DATASET EXTRACT:
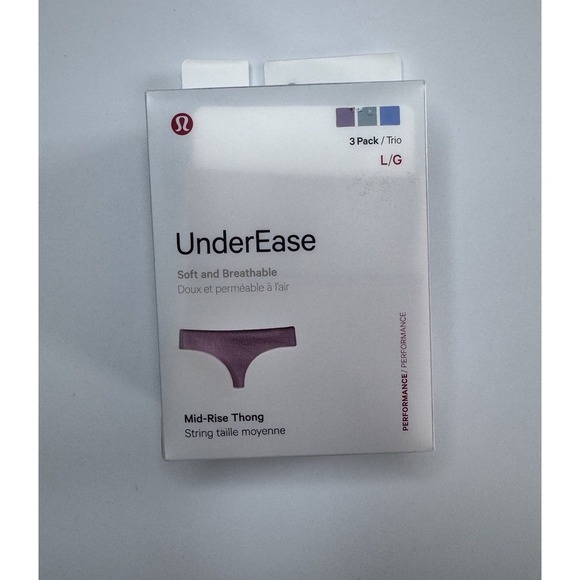 New Size Large Lululemon Under Ease Mid Rise Thong 3 pack Multi Color NWT - Picture 1 of 4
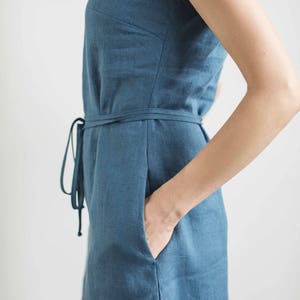 Made to Order Dress, Locally Made Dress, Minimalistic Blue Linen Dress, Eco-Friendly Apparel, Sustainable Fashion, Ethically Made Clothing. image 6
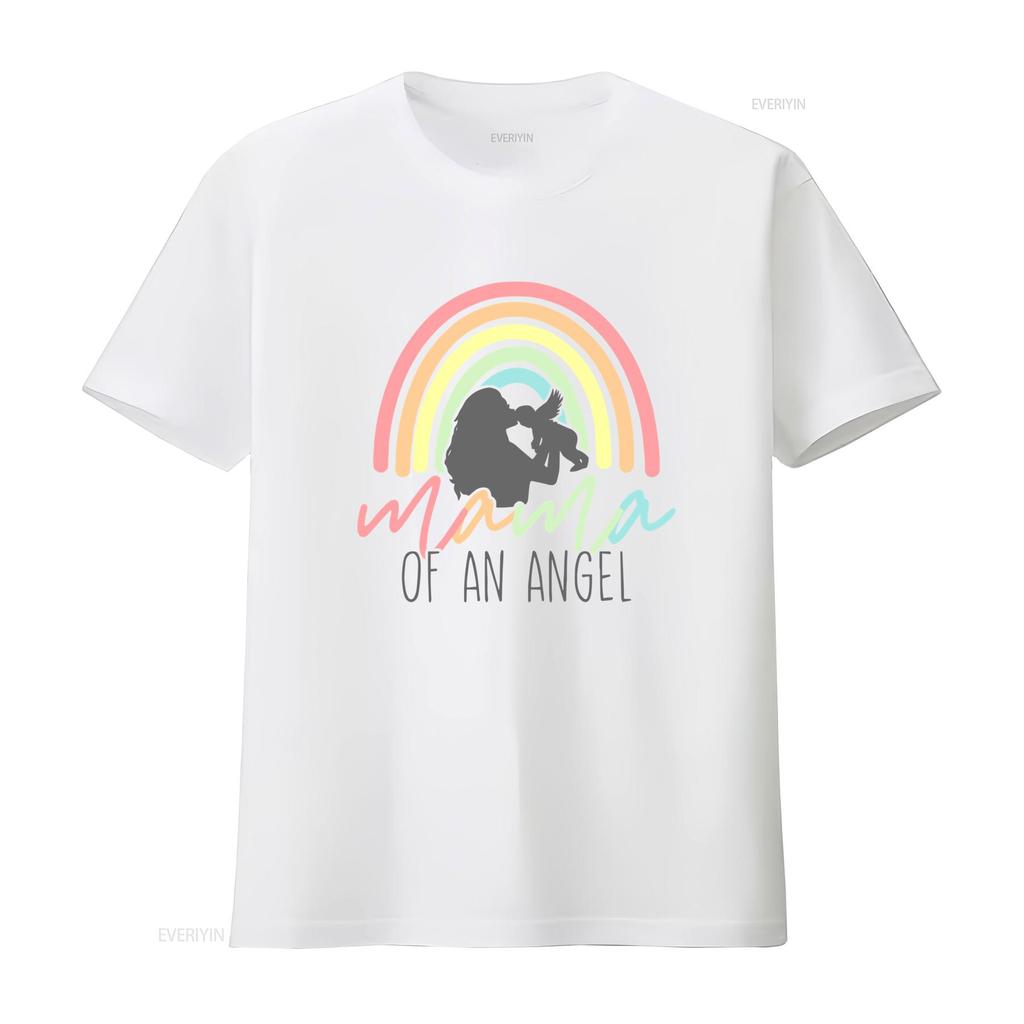 Mama Of An Angel Pastel Rainbow Baby Loss Memorial Print Casual T Shirt Vintage Washed Graphic Fashion Slightly Soft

TASK DESCRIPTION:
For this copy, leave pictures out and reproduce the lines from the one bearing "Made to Order" through the final line of the listing above, both ends included.

OUTPUT FOR THIS EXERCISE:
 Made to Order Dress, Locally Made Dress, Minimalistic Blue Linen Dress, Eco-Friendly Apparel, Sustainable Fashion, Ethically Made Clothing. image 6
 Mama Of An Angel Pastel Rainbow Baby Loss Memorial Print Casual T Shirt Vintage Washed Graphic Fashion Slightly Soft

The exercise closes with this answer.